The importance of company communication during a tough economy 
Aug 27, 2025

In a constrained economy when companies reach for the red pen, communication budgets are often among the first to be cut. But history shows that scaling back on reputation and-building can have a negative knock-on effect, and that being faced with business contraction and a challenging marketplace is precisely when communication should be stepped up. 

For stakeholders, communication builds and maintains trust while assuring them of a company’s strategic direction. For staff, it reduces anxiety and maintains productivity, contributing to loyalty and commitment. Consistent communication shows that an organisation is aware of any issues and is responding to them to allow for future growth. 

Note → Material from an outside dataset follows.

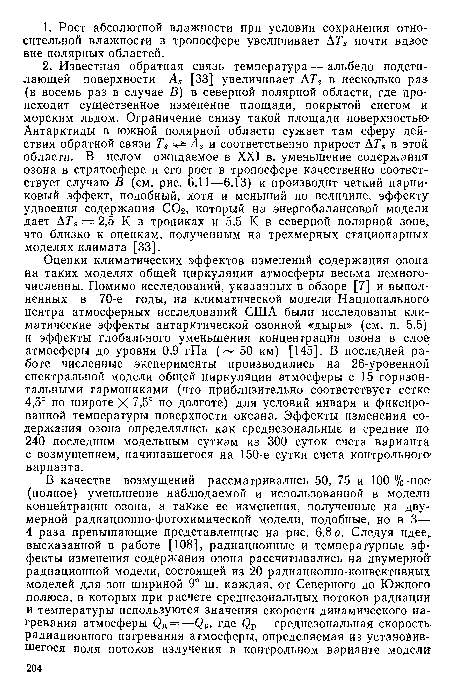 Оценки климатических эффектов изменений содержания озона на таких моделях общей циркуляции атмосферы весьма немногочисленны. Помимо исследований, указанных в обзоре [7] и выполненных в 70-е годы, на климатической модели Национального центра атмосферных исследований США были исследованы климатические эффекты антарктической озонной «дыры» (см. п. 5.5) и эффекты глобального уменьшения концентрации озона в слое; атмосферы до уровня 0,9 гПа ( 50 км) [145]. В последней работе численные эксперименты производились на 26-уровенной спектральной модели общей циркуляции атмосферы с 15 горизонтальными гармониками (что приблизительно соответствует сетке 4,5° по широте X 7,5° по долготе) для условий января и фиксированной температуры поверхности океана. Эффекты изменения содержания озона определялись как среднезональные и средние по 240 последним модельным суткам из 300 суток счета варианта с возмущением, начинавшегося на 150-е сутки счета контрольного1 варианта.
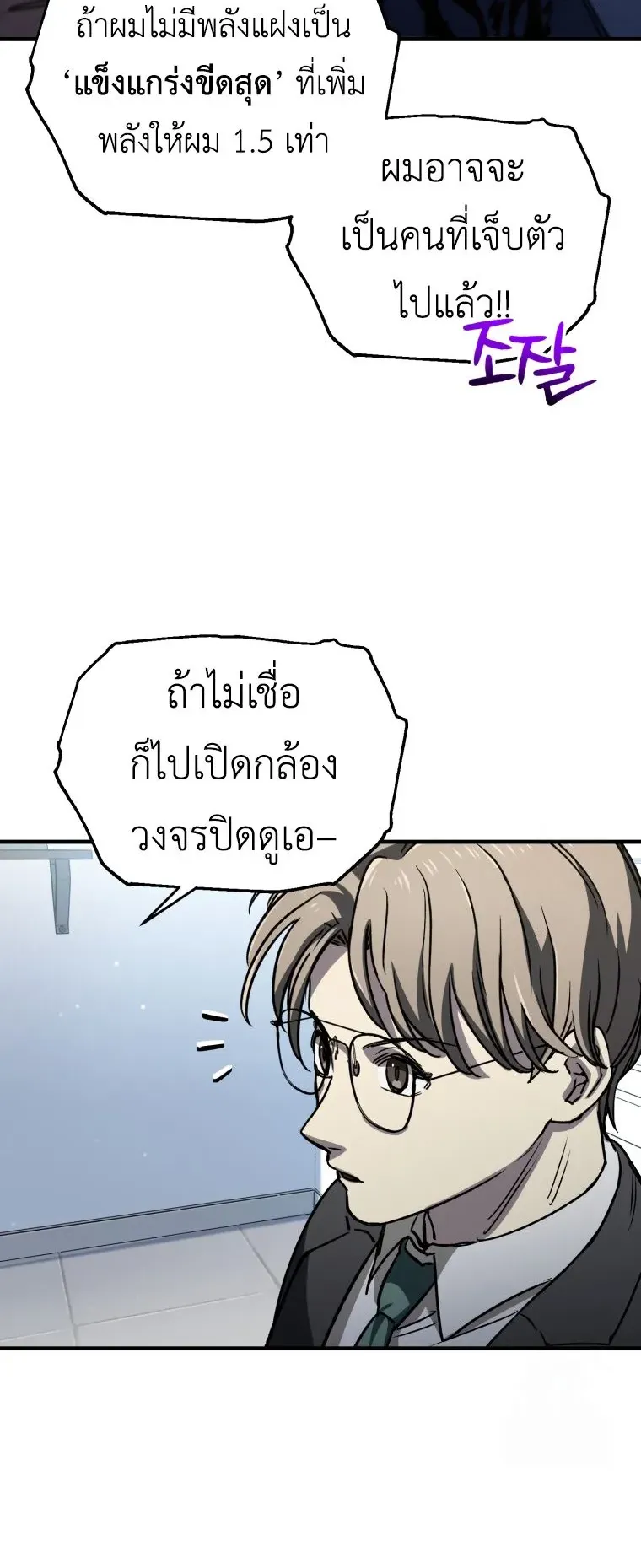 Solo Resurrection ตอนที่ 13 หน้า 36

During economic downturns, customers become more cautions, employees more anxious, and investors more wary to put money on the table. Adding silence to this environment creates a vacuum that will be filled by competitors, critics and false conclusions. Take the case of Pick n Pay’s multi-year turnaround. The company clearly stated what their strategy involved, what it is focused on achieving and how this will be done. While they expect to only achieve bottom-line profitability in 2028, they communicate milestones achieved as its balance sheet stabilises which has helped its share price. This example proves that companies that thrive in turbulent conditions are those that continue to speak with clarity, conviction and consistency, and who are positioning themselves as future leaders instead of a casualty of circumstance. 

Even with tighter purse strings, companies can remain communicative by using more targeted communication. The use of thought leadership and related content to help frame policy and regulatory debates happening in a specific industry or sector, helps companies and industry associations influence for the better the policy trajectory. Digital platforms are another channel where it is crucial to sustain authentic connection not only with customers but also clients. 

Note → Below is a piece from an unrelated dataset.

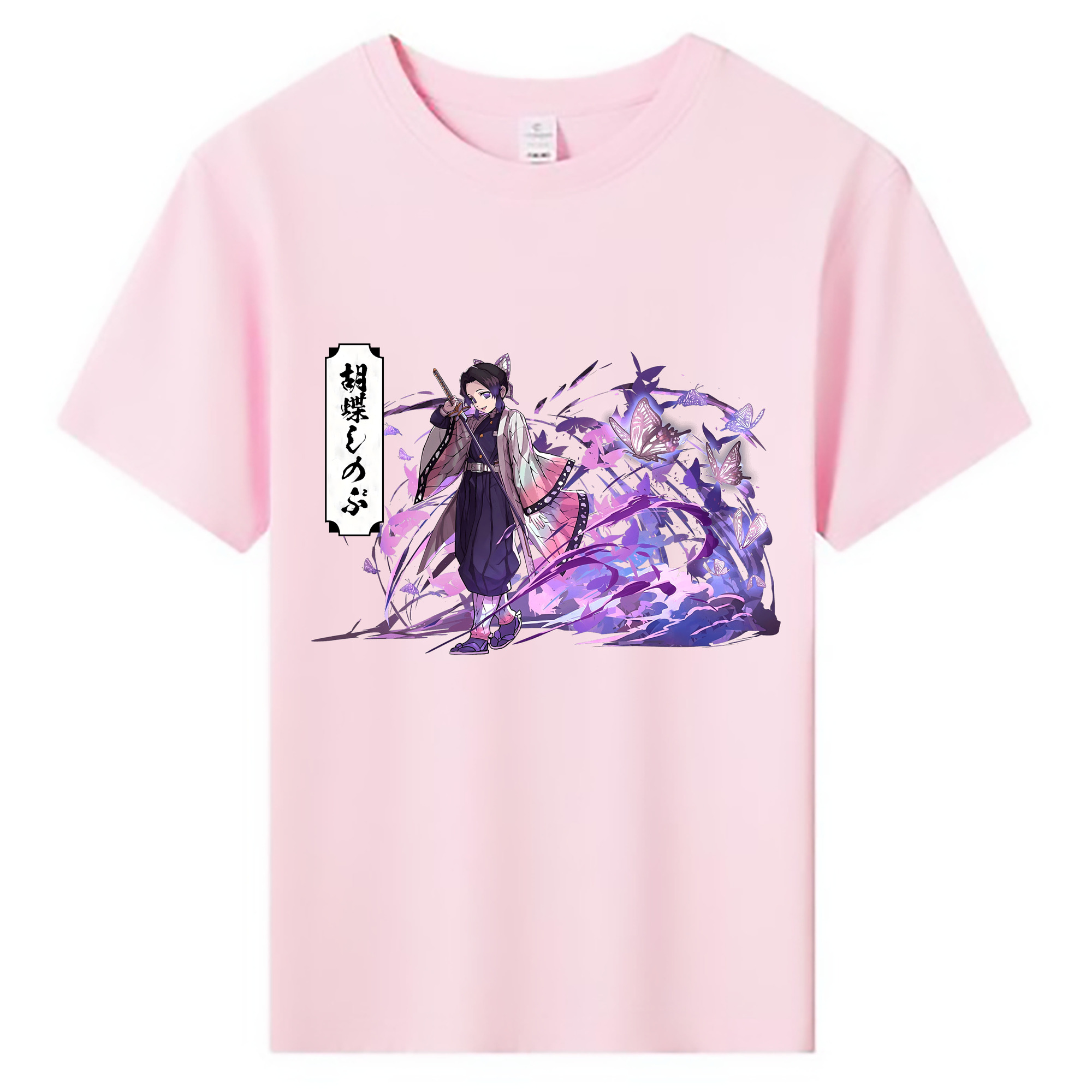 （画像用） 鬼滅の刃（きめつのやいば）蟲柱-胡蝶 しのぶ／こちょう しのぶ Kochou Shinobu 綿100％キッズTシャツ（フロントプリント）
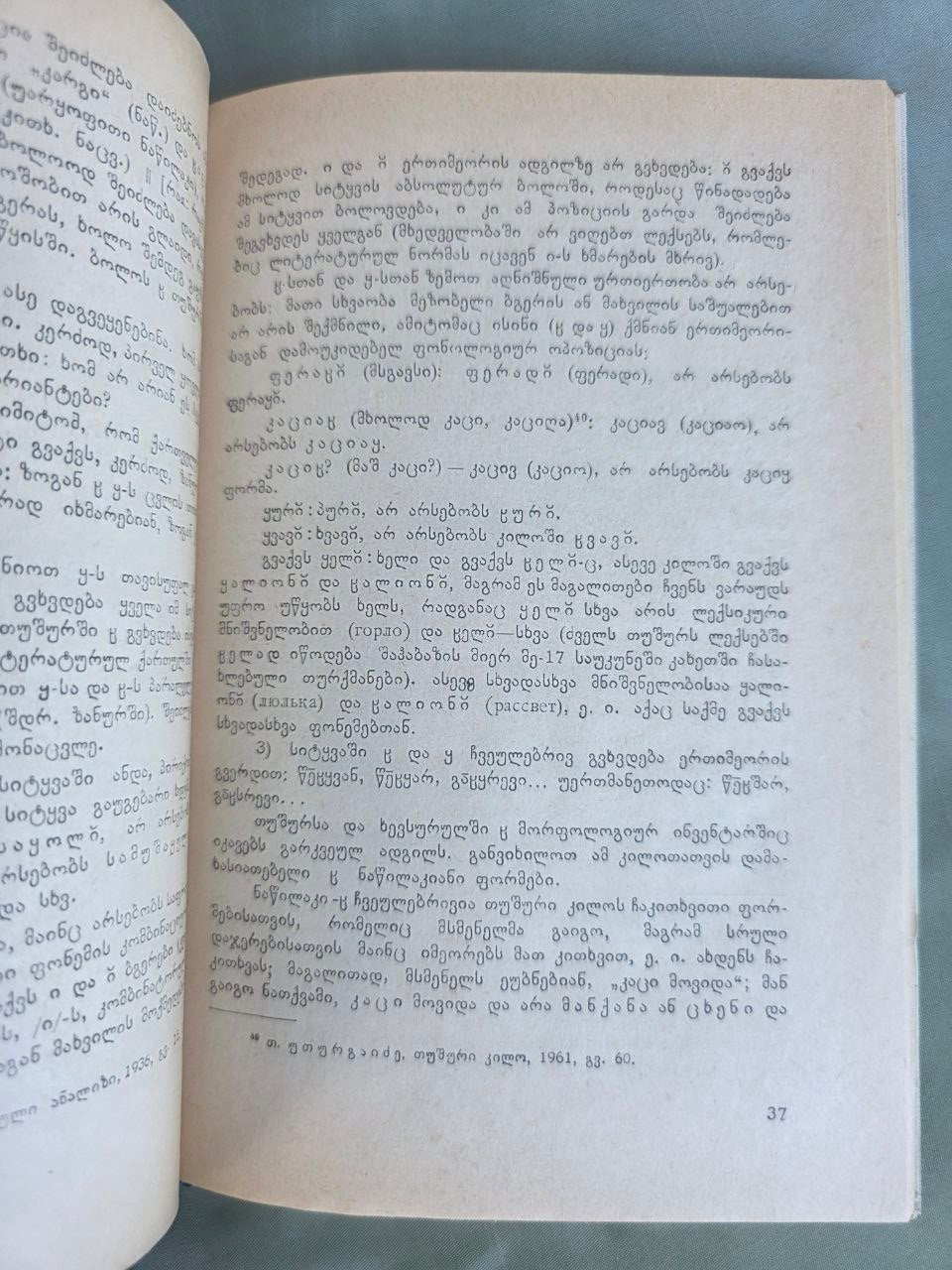 Vintage 1966 Georgian Mountain Dialects Linguistics Book Tbilisi Metsniereba USSR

Bucking the trend to improve the bottom line by cutting the communications budget means resisting the temptation to retreat, and choosing visibility. In South Africa, where businesses are navigating electricity and/or water shedding, global trade tariffs and local policy uncertainties, the companies that demonstrate that they understand and can enact, solutions, are those that will be respected and supported. 

As many a South African businessman can attest, tough times present both risk and opportunity. Choosing to invest in communication is choosing to lead by giving shape to the conversation in the face of others’ silence. The true test of if a company has invested enough in their communication will only be visible when a crisis hits: is your leadership certain that it has solidified its reputation as an ethical, responsible corporate citizen who is trusted to do the right thing – or will the voices of its critics drown out your response?